Compte tenu des nombreuses lacunes du PK, nous sommes préoccupés par les efforts visant à le promouvoir comme modèle de gouvernance « responsable » pour d’autres minerais. Lorsque nous voyons, par exemple, comment l’or acheminé via les principaux centres commerciaux alimente la violence en République démocratique du Congo ou au Soudan, il est clair que ce qu’il faut, c’est un système fondé sur la transparence, la traçabilité et la redevabilité.

Transposer le modèle actuel du PK à des défis aussi complexes aurait l’effet inverse : compte tenu de ses procédures opaques et confidentielles, de ses conflits d’intérêts profondément enracinés, de son examen par les pairs insuffisant et des nombreuses lacunes qui sont restées largement sans réponse au cours des vingt dernières années, il offrirait une façade de responsabilité tout en élargissant l’espace pour le blanchiment.

À l’ambition d’adopter de « bonnes pratiques » ou d’être un modèle signifie également être prêt à tirer les leçons d’autres initiatives.

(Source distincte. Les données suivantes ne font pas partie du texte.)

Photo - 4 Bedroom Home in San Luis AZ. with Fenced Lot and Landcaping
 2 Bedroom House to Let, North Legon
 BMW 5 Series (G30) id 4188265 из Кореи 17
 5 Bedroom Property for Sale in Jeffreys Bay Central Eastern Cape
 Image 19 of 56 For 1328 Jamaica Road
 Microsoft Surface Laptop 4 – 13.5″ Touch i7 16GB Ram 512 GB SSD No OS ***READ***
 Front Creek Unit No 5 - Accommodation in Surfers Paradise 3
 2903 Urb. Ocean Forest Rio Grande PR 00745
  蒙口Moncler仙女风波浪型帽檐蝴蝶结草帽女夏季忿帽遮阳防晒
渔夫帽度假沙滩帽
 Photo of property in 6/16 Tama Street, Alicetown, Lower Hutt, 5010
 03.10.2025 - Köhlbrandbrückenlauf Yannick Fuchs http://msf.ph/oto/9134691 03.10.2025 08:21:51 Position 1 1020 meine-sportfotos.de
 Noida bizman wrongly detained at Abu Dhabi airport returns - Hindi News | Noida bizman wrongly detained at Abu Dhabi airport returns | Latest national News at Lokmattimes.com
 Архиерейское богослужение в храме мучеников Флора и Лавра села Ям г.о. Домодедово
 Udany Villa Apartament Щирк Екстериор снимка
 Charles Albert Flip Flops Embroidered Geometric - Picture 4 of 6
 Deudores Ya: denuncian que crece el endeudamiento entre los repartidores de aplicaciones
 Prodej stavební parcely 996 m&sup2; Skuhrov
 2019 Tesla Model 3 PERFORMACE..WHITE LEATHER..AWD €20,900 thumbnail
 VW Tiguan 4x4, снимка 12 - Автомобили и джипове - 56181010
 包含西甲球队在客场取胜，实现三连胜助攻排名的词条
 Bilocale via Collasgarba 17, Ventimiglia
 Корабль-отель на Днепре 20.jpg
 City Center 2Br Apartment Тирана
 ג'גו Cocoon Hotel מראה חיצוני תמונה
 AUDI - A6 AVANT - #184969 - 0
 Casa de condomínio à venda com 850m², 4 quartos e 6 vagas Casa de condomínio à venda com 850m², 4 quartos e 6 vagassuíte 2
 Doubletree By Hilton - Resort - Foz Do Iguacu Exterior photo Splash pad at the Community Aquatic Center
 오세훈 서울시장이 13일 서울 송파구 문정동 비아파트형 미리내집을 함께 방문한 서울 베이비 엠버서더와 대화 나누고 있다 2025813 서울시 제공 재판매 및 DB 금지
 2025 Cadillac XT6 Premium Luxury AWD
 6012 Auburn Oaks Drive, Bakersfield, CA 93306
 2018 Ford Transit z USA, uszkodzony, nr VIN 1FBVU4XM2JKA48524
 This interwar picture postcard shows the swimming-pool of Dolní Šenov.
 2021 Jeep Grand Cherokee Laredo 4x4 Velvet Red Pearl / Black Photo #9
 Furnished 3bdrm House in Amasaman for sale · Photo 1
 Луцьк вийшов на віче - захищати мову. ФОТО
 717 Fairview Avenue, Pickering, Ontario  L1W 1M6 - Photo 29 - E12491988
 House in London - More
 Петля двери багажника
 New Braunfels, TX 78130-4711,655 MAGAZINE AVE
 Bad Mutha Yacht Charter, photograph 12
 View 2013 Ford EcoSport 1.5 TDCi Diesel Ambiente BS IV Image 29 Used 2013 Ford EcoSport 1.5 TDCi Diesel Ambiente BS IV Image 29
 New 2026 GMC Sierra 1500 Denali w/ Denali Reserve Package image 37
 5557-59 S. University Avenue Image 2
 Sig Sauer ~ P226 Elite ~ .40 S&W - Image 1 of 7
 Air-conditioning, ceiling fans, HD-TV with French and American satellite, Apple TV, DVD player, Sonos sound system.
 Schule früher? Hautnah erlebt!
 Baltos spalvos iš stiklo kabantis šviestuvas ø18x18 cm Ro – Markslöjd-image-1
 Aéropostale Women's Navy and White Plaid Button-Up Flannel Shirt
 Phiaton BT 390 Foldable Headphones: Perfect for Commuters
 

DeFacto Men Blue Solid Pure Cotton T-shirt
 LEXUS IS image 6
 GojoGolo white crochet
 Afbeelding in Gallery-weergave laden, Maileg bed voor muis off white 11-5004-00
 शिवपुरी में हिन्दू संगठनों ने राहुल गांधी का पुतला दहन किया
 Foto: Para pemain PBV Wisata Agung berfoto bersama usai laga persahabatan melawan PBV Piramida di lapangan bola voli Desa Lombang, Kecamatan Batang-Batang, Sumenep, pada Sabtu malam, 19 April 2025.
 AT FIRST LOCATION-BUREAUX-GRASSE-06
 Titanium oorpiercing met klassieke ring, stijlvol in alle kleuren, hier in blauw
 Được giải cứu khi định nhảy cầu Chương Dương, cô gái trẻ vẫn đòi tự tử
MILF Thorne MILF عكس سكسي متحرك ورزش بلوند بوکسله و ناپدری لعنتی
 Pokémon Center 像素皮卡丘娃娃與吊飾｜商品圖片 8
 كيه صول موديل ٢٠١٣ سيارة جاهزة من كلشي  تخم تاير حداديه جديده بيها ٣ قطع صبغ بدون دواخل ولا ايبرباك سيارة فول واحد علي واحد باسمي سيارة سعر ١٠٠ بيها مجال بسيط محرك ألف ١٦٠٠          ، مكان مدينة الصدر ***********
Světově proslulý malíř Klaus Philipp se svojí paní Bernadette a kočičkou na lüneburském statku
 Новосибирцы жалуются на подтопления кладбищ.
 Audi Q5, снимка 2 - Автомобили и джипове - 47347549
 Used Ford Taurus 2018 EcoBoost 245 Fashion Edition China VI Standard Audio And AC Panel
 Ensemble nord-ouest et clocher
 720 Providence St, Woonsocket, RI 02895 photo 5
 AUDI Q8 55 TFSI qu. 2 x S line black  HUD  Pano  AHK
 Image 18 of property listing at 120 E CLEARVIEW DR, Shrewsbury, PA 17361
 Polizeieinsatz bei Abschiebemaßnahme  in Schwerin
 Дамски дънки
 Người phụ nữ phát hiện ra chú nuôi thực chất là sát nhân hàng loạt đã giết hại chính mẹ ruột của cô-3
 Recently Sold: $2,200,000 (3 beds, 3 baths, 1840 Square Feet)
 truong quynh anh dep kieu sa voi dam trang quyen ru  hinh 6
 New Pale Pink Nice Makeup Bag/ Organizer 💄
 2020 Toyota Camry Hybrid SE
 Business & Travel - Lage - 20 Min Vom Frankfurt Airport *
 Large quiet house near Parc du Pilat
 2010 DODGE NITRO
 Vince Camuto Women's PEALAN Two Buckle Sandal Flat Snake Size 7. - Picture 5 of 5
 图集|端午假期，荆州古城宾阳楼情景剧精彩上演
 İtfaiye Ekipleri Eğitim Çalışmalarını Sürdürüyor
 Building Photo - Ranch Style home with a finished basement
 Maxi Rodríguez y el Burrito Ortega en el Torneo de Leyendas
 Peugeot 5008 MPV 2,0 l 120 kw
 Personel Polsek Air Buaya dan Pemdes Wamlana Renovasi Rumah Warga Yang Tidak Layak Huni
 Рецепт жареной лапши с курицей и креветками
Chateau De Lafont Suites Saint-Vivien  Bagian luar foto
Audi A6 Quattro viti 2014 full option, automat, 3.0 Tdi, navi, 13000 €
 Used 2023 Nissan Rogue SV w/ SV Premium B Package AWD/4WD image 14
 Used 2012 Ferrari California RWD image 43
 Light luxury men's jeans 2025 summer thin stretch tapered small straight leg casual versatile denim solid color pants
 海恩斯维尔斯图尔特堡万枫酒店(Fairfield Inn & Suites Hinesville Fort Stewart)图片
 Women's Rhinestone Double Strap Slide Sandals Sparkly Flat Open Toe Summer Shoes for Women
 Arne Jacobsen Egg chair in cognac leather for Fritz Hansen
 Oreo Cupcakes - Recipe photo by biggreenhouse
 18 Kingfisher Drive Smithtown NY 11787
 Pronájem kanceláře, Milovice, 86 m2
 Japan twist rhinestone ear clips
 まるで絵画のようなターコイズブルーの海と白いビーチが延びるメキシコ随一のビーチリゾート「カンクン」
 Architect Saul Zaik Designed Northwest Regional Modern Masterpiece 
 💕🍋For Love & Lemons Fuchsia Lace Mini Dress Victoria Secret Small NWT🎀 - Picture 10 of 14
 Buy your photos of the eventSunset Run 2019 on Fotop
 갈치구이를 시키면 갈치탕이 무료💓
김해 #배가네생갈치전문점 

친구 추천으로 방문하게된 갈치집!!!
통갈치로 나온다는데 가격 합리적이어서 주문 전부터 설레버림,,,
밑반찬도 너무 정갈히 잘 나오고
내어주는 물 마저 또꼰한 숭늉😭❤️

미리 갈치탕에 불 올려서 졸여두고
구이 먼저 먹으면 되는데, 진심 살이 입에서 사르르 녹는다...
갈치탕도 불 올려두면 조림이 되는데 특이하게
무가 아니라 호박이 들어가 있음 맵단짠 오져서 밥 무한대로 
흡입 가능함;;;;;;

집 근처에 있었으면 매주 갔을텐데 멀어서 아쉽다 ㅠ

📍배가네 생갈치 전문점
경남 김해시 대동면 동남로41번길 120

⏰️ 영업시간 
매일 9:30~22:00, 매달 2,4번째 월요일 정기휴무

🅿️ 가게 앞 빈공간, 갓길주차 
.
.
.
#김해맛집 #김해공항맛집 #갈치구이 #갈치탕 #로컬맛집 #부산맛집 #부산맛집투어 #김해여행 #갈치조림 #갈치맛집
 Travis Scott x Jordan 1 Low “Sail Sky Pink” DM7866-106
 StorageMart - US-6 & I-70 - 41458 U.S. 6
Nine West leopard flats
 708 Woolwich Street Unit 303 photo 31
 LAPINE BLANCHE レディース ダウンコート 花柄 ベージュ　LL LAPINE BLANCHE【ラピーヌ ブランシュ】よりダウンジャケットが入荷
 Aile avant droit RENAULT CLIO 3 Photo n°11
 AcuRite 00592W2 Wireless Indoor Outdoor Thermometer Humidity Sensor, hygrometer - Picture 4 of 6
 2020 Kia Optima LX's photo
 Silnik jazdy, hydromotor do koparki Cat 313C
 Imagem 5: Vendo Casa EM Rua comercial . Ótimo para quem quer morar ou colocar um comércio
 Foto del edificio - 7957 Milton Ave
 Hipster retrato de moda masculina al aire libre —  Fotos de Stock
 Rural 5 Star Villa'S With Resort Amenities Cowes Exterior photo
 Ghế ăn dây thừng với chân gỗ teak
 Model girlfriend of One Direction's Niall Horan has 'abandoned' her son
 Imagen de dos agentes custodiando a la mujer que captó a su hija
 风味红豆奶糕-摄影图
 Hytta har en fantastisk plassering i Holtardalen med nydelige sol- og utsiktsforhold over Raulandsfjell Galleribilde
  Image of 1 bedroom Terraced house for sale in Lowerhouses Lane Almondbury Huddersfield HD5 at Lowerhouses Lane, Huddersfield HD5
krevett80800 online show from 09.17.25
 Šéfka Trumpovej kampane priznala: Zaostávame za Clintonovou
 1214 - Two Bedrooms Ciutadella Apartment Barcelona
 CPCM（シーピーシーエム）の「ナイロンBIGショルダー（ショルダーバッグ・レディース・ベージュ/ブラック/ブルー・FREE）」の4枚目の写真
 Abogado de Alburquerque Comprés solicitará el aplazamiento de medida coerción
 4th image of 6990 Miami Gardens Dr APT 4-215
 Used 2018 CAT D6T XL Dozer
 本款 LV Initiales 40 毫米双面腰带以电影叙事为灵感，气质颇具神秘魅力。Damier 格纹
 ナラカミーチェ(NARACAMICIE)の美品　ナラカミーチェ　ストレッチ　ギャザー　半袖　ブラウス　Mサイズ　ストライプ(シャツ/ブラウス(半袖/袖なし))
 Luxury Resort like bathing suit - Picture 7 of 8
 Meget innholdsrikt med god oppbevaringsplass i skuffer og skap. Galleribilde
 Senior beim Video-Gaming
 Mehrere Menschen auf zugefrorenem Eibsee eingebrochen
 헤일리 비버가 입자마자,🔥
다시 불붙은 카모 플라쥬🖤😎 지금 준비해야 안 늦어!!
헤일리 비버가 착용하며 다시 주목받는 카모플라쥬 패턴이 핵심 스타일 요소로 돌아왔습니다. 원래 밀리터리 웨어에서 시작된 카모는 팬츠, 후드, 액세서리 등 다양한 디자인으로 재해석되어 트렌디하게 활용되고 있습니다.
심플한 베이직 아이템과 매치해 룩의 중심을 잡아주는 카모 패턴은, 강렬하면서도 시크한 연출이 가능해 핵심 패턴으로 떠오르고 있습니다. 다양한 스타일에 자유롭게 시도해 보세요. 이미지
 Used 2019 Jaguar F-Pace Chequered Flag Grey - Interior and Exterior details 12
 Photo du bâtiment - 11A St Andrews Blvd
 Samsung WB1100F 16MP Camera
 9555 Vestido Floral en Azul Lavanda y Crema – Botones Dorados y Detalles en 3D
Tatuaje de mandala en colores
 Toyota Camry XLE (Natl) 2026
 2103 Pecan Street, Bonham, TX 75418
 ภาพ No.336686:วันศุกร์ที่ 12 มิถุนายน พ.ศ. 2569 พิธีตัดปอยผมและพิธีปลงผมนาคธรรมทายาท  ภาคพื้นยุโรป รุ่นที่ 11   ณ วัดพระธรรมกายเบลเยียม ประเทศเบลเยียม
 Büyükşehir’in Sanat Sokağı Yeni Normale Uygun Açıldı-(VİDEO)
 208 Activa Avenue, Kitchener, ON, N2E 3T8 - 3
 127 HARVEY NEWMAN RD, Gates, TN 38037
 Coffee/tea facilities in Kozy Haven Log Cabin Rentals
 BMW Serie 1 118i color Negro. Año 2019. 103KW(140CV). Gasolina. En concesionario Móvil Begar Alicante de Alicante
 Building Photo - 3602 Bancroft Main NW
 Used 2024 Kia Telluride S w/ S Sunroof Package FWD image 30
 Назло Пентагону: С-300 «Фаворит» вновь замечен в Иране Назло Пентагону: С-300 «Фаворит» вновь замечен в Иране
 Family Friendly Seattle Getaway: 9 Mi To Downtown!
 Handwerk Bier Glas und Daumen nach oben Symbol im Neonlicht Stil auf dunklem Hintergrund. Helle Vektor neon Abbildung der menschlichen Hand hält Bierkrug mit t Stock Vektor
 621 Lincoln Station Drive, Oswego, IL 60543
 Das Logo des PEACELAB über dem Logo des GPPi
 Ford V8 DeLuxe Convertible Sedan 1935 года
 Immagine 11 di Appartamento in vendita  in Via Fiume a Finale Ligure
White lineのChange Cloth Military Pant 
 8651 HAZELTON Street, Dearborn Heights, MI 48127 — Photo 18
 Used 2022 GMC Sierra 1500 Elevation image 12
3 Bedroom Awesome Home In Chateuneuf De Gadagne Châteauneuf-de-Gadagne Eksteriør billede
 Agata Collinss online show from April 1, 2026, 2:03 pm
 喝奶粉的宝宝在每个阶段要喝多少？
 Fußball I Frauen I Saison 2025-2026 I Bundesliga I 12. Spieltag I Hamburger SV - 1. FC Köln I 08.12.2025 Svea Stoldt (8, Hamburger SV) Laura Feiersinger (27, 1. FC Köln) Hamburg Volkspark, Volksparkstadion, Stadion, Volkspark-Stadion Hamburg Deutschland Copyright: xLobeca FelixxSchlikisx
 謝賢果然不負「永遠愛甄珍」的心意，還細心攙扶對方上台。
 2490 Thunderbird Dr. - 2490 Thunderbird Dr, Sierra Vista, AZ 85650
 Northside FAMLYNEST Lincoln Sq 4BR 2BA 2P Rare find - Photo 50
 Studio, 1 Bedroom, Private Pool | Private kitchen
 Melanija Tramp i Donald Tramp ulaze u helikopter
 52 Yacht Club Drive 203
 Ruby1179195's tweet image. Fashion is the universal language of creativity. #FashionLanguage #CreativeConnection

Le PK doit donc également être ouvert à l’apprentissage d’autres mécanismes similaires, tels que l’Initiative pour la transparence dans les industries extractives (ITIE).

Des normes plus strictes sont nécessaires pour protéger les communautés et préserver la valeur des diamants naturels

Il y a des avantages à élargir la définition des diamants de conflit pour les États africains dans les circonstances actuelles, où le marché des diamants naturels est en difficulté.

La protection des revenus tirés des diamants naturels et des économies nationales devrait être notre préoccupation commune. La croissance rapide du marché des diamants synthétiques et leur promotion, leur image de marque et leur positionnement comme étant éthiques et respectueux de l’environnement par rapport aux diamants naturels constituent un risque énorme pour les diamants naturels. Les diamants synthétiques ont l’avantage d’être exempts de tout risque de violence ou de violation des droits humains.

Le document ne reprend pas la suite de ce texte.